‘Mortal Kombat’ works on a pure action-packed level

Rick's Reviews

Mechad Brooks stars in the new action film “Mortal Kombat.” (Photo courtesy of Warner Bros.)

(KGET) — “Mortal Kombat” looks to be the champion of this week’s entertainment options.

“Mortal Kombat” Grade 3 stars: Anyone who heads to a local theater or opts to watch this new action film via the streaming service of HBO Max should not be expecting complex characters, deep emotional elements or even a slightly complicated plot. It’s not that kind of entertainment option.

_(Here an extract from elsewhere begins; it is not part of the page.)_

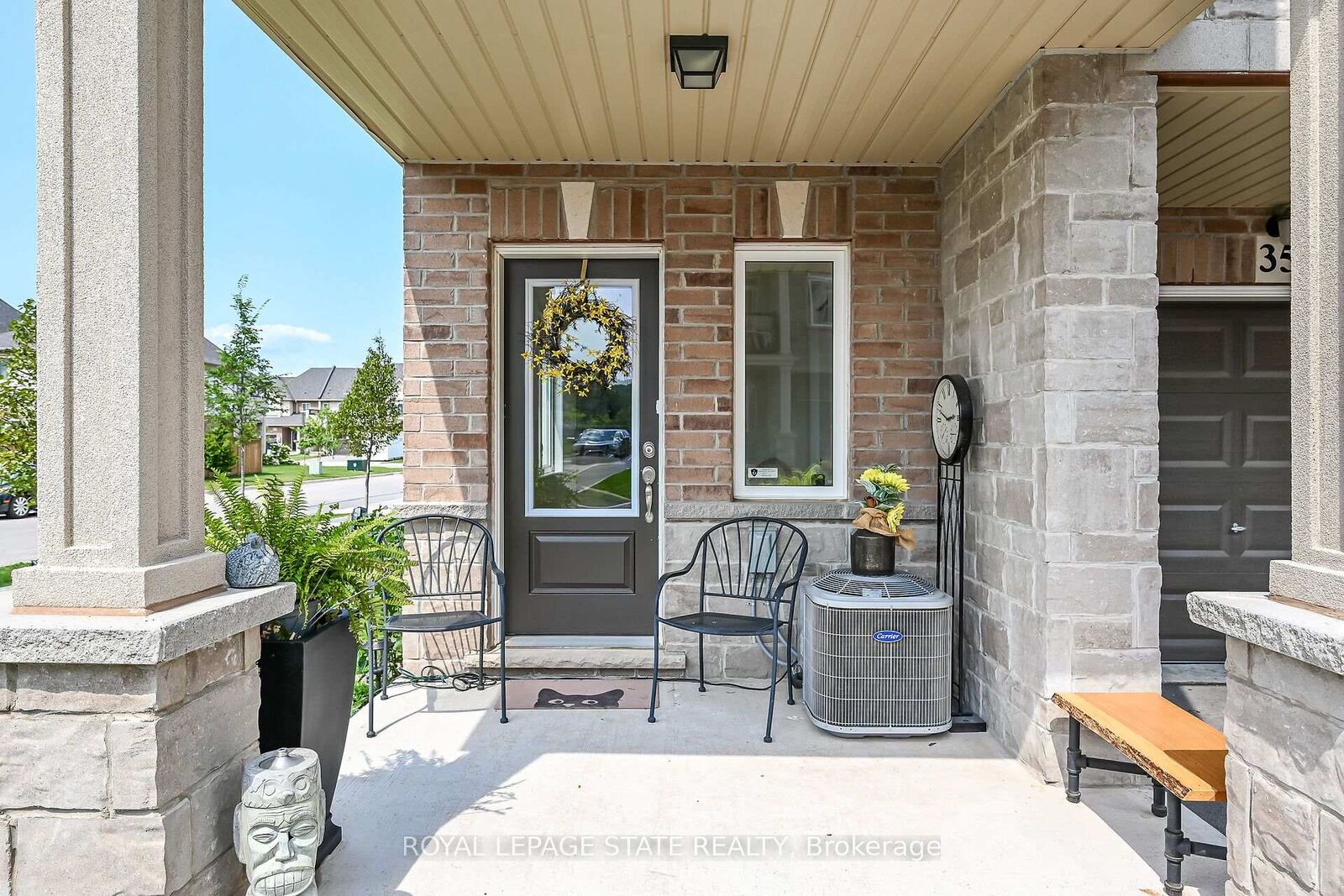 Property Photo:  40 Zinfandel Drive 35  ON L8E 0L1 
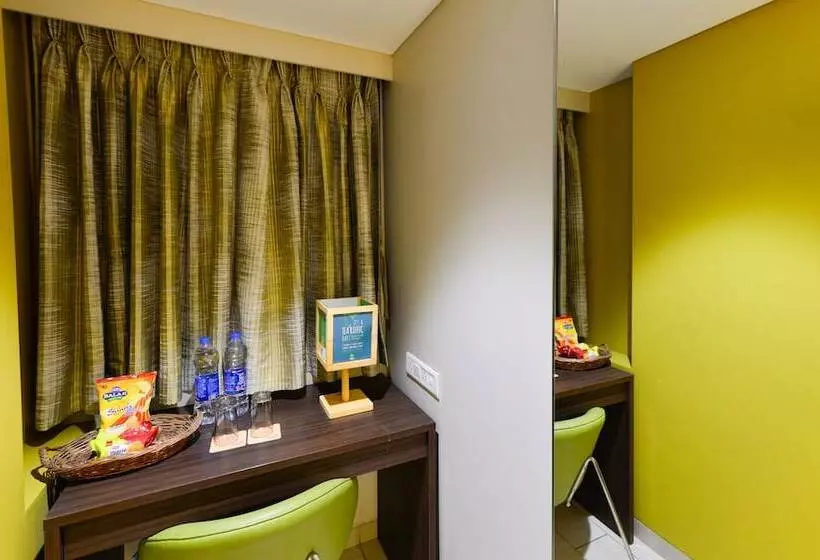 Click Hotel Vadodara 4 Mins Walk For The Railway Station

The entire movie can be described with the kind of one-line phrasing generally seen on the packaging for a videogame – “Fights that have been going on for centuries between warring worlds continue.” It doesn’t get any less complicated than that.

MMA fighter Cole Young (Lewis Tan) suddenly must deal with Sub-Zero (Joe Taslim), an otherworldly Cryomancer, sent to hunt him down. His only hope to save himself and his family is a group of people who have the same weird dragon marking that he has.

Young finds himself at the temple of Lord Raiden (Tadanobu Asano), an Elder God and the protector of Earthrealm, where he finds out he is one of Earth’s greatest champions and must fight against the enemies of Outworld in a high stakes battle for the universe. They battle and battle and battle some more.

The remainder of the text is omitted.